The moderator described the Senate bill as one that would give importers more time to get their houses in order, and Bucheger said that's also appropriate, given that new tools that would allow tracking of inputs in the supply chain are being developed.

Therese Randazzo, director of the forced labor division in the trade remedy and law enforcement directorate at CBP, said that while the agency is exploring whether there are technologies that could pinpoint the presence of cotton grown in Xinjiang, for instance, there isn't yet a technology that companies could use to learn where all the cotton in their garments came from. “We wish there was a silver bullet as much as you do,” she said on the CONECT call. “It is resource-intensive on both sides.”

Randazzo referred to how small her team is, and said that while CBP will be updating statistics on the number of detentions quarterly, it is too thinly staffed to attribute the detentions to specific withhold release orders. She also said “the detentions themselves don’t tell the whole story” because they “don’t capture the other impacts of the WROs, for example, where companies don’t ship those goods to the United States anymore.”

Bucheger said members of Congress want to know how many detentions are attributable to specific WROs, and also want information about what specific evidence is being used to make the determination that a WRO is warranted. Randazzo has said that releasing more information about evidence could compromise ongoing investigations (see 2103120051). Bucheger said that because of the intensity of interest among members, he's heard that Senate Finance Committee staff and House Ways and Means Committee staff spend more time on forced labor than any other issue.

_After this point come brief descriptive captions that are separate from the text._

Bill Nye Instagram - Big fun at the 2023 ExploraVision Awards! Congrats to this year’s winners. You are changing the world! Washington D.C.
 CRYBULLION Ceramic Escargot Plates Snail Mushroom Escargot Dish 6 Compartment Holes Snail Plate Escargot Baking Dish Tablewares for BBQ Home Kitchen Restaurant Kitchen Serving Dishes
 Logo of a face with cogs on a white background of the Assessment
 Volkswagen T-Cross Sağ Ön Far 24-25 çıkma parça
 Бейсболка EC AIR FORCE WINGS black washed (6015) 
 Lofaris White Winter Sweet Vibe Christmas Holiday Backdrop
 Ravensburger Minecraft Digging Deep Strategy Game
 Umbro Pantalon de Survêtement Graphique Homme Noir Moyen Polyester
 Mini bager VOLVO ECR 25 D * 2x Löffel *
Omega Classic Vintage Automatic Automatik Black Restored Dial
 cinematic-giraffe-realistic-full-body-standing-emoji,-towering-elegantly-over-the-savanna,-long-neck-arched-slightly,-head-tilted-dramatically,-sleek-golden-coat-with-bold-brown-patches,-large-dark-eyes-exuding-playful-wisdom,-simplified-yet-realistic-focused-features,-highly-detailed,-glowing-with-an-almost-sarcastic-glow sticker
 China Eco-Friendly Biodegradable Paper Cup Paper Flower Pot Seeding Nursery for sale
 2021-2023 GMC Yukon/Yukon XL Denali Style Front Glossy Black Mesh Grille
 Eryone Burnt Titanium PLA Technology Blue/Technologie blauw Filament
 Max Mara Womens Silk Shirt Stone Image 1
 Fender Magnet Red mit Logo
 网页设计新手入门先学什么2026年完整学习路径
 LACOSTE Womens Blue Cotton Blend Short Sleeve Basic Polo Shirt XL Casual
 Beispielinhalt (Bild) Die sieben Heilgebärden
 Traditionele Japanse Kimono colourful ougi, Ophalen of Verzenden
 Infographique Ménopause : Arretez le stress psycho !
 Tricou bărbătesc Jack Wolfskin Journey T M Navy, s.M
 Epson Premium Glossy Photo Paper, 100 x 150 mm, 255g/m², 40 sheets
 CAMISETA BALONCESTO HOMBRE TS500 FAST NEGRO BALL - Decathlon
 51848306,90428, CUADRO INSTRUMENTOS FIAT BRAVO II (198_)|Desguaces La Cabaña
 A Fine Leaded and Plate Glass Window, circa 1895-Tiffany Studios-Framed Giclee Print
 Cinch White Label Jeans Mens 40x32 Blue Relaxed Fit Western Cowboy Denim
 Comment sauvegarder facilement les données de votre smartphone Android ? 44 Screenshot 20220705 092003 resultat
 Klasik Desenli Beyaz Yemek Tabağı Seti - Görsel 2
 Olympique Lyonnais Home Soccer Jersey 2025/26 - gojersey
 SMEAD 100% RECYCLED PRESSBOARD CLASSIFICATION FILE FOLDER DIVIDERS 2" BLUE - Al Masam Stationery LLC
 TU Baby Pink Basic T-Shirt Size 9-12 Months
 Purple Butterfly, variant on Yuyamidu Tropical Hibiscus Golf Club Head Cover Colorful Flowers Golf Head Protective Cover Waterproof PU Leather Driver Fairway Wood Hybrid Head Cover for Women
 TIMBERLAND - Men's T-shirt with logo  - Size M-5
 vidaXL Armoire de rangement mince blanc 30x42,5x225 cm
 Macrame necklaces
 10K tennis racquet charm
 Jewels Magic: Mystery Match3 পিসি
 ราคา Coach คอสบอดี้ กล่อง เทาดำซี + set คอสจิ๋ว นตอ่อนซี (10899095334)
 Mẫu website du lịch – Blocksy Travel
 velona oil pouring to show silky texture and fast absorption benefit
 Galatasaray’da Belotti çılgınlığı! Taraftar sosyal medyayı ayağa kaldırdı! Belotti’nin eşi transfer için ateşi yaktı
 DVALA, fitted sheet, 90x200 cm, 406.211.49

Bucheger said that Congress appropriated an additional $8 million for forced labor enforcement at CBP in this fiscal year, and he thinks members will “push for an even bigger increase this year.” He added, “To be clear, we don’t expect congressional action to be limited to Uyghur forced labor.”

Brian Bensman, senior director compliance in global logistics for Cintas Corporation, a uniform manufacturer, said Cintas has no nexus to Xinjiang, but now that customers are asking about forced labor, the company is going beyond its past practice of doing annual third-party compliance audits of Tier 1 suppliers. Bensman said it's important that companies are able to talk with CBP and other agencies about what is feasible in terms of due diligence across multiple tiers.

He said companies want to have input into what the standards will be for proving something's not made with forced labor. Bucheger agreed. Importers support congressional action, he said, but they want to make sure that whatever is passed is implementable and enforceable.